Let's be realistic - funding drives care delivery. We can pontificate all we want but nothing will change and Beyond Hospital to Community will remain a pipe dream - until funding changes. The Government, being the biggest payer of healthcare services, should rightly lead the way. It has tremendous influence and must cajole other payers such as private insurers and employers to do likewise.


Behaviours and lifestyle choices are critical determinants of chronic disease risks. But behaviour change is hard and generic counselling to exercise regularly, not smoke, drink alcohol in moderation and avoid excessive red meat is simply a waste of time. Instead, lifestyle advice should be based on individual profiles (biochemical, physiological, psychological and social) and life goals.

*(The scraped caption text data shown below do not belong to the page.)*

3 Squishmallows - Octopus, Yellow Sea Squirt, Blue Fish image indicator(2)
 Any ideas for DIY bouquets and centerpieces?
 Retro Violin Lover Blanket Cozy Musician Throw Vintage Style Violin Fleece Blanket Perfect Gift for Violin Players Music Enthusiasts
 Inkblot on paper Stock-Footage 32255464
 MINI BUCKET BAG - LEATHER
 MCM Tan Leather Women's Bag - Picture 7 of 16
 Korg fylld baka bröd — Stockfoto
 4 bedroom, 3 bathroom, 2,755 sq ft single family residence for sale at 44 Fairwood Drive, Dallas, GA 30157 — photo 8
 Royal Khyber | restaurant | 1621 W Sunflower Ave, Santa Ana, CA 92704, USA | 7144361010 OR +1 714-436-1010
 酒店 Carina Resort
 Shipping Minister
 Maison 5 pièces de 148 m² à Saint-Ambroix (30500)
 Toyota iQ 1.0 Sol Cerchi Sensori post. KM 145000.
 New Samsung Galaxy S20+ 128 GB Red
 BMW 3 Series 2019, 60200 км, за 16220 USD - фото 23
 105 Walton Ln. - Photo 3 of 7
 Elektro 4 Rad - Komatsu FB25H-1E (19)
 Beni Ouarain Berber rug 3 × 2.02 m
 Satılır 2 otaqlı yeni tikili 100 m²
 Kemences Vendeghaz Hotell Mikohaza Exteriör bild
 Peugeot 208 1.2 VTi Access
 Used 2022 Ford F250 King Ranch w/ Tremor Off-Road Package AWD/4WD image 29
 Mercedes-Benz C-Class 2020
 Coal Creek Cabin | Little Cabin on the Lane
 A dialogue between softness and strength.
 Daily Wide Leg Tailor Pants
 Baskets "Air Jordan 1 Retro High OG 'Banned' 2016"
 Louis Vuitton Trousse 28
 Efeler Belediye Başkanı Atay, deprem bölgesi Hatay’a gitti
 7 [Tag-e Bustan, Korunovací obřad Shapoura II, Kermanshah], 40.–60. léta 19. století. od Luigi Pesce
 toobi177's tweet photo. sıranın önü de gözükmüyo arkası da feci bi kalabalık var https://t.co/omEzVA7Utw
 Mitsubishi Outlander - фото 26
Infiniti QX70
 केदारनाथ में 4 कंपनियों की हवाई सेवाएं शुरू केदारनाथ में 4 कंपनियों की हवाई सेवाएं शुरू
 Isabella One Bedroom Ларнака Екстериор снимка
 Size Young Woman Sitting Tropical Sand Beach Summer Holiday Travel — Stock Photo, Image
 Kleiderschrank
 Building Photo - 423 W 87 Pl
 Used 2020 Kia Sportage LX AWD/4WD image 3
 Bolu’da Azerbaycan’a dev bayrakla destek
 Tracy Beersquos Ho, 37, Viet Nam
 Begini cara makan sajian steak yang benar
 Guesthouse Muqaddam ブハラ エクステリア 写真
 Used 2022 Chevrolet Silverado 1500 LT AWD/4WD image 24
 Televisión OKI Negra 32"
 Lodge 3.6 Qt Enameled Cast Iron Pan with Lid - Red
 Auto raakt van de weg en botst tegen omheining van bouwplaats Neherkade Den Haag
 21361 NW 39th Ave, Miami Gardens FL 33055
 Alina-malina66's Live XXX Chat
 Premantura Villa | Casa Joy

Why should Amazon and Netflix know so much about their customers that they can recommend what we should buy or view but our health professionals are limited to offering insipid general advice? Programmes such as AIA's Vitality and the Health Promotion Board's National Steps Challenge are helpful in introducing analytics and incentives but more needs to be done. The use of AI is crucial here, not only for the pinpoint personalised insights but also for the much lower costs of doing most of these automatically, leaving healthcare professionals to focus only on the most complex cases.

There is one Facebook employee for approximately 70,000 active users. What's the equivalent in healthcare? As long as the healthcare model remains dominated by the face-to-face, one-to-one individual care episodes, we will never be able to achieve what Singapore must achieve - high quality healthcare at low costs for every Singaporean.


Finally, we need to be bold. We are in uncharted waters. The health challenges are without historic precedent in Singapore. Globally, there is no model to follow. What this means is that the public and private sectors need to come together to co-create innovative solutions. Akin to start-ups, the MOH will have to learn by "trial and error", find like-minded partners to plug competency gaps and succeed through rapid course corrections.

Is relying on traditional procurement models with tenders for "fixed" deliverables the right construct? Would this run the risk of settling for mediocrity or yesterday's solutions? It sounds heretical but instead of a tender and an ensuing customer-vendor relationship, would we be better served by a partnering set-up? For example, Verily Life Sciences, part of the Google enterprise and pharmaceutical company GSK, announced last year they would jointly contribute $960 million over a seven-year period to develop miniaturised, implantable devices to treat illnesses in an exciting new field called bioelectronics. No commitment as to what these devices would look like or how they would work, but a commitment to create the future together.

As with our much-vaunted "water story", Singapore healthcare has the opportunity to make a virtue of necessity. To overcome the healthcare challenges, we need to bring together the different threads of world-class partners, cutting-edge technology overlaid on sophisticated national electronic platforms and new financing models driven by a bold vision and an even bolder government.

  • The writer is partner and head of health and life sciences for the Asia-Pacific at management consulting firm Oliver Wyman.